Friday, October 16, 2009

Topperific

Topper is an adverb in Latin. It doesn't look like a Latin word, which is probably why my nasty ex-boyfriend insisted upon looking it up when I mentioned it to him, rather than just admitting that I knew a Latin word he didn't.

It didn't look very much like Latin to the Romans, either. It's used in bits and pieces of really old (i.e., older than usual) Latin poetry that happen to survive only because an ancient lexicographer named Verrius Flaccus quoted them. Verrius Flaccus is an important guy, and there's even a street named after him in Palestrina:

Fig. 1: This way to fun-filled Latin lexicography!

Flaccus cited many different meanings for topper. Later writers abridged him, until eventually Paulus Diaconus in the 8th century CE winnowed the definition to a single word: "fast."

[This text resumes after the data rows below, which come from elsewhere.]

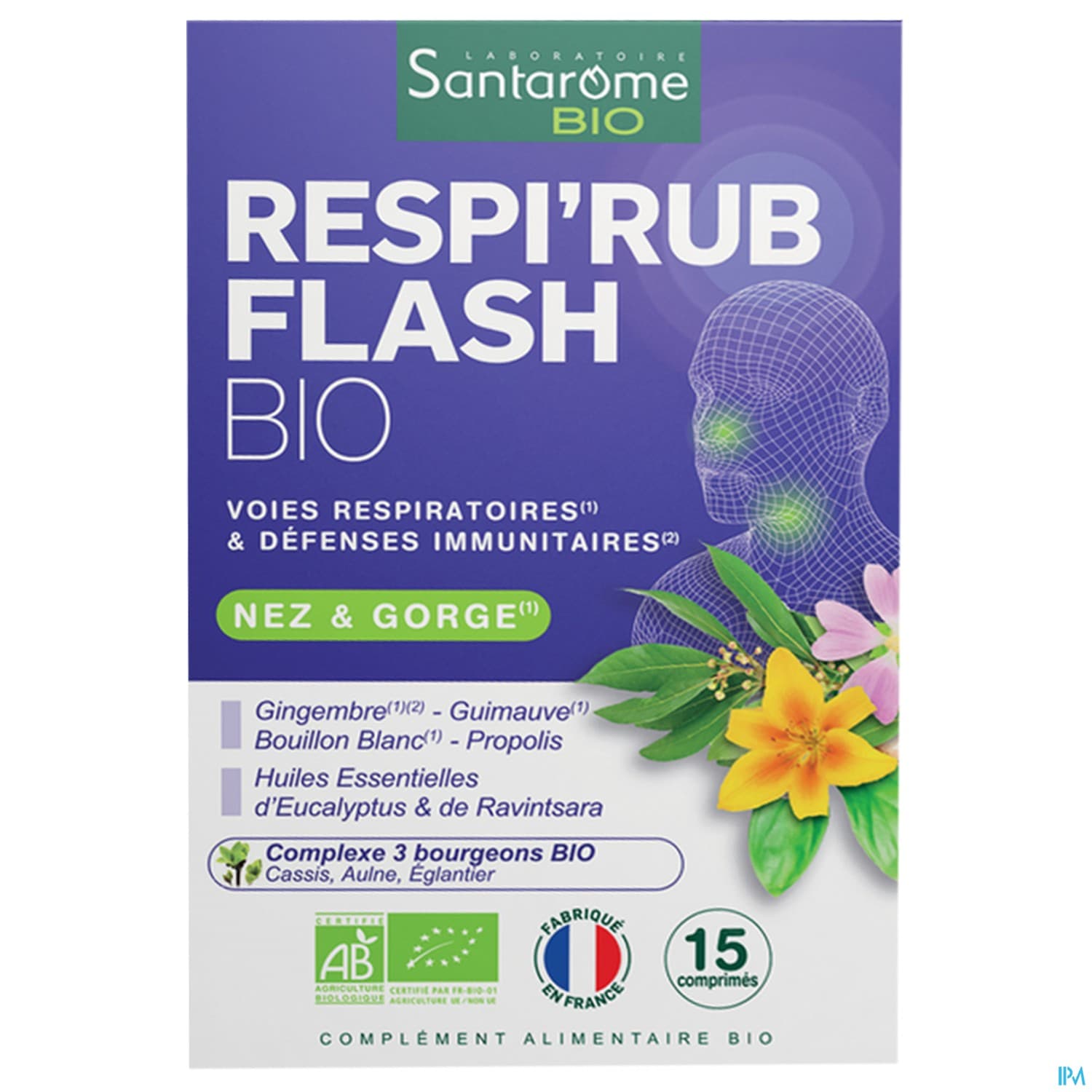 SANTAROME RESPIRUB FLASH BIO CPR15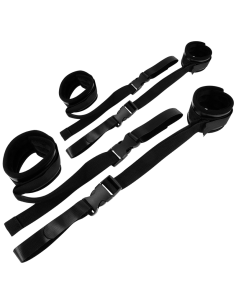 OHMAMA FETISH NYLON AND VELCRO RESTRAINT HANDCUFFS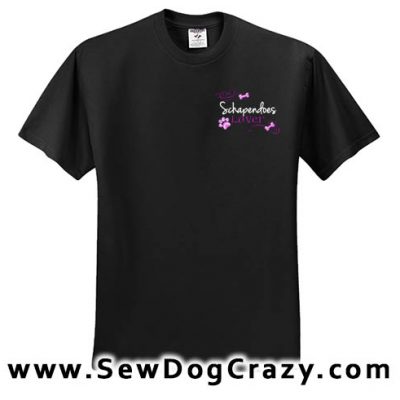 Embroidered Schapendoes Lover Tshirts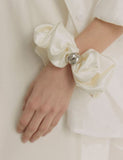 Plump Twist Satin Scrunchie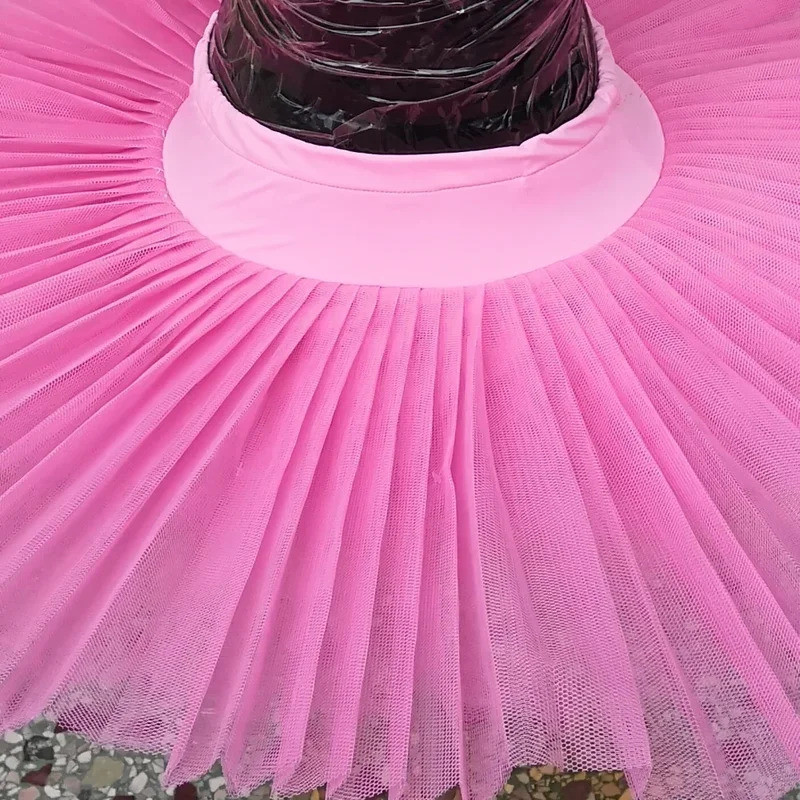 Ballet Tutus Skirs Para Adulto Criança Malha Rígida Panqueca Dança Do Ventre Meninas Prática Crianças Lago — imagem 2 de 2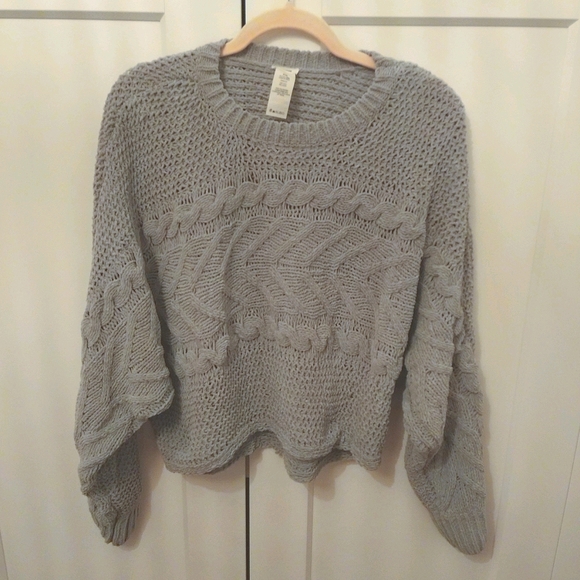Garage Chenille Crew Neck Sweater - Picture 1 of 3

I have a friend (not the ex-boyfriend, ugh) whose last name is "Topper." And here is a limerick I wrote for that friend, whom I will call "John":
There's an entry in Paulus' epitome
Where of all topper's meanings, that litany,
One sense, that of "fast,"
Completely surpassed
All the rest. But John just says, "What's it to me?"
Come on, reader: you know the rhymes in lines 1, 2 and 5 are brilliant.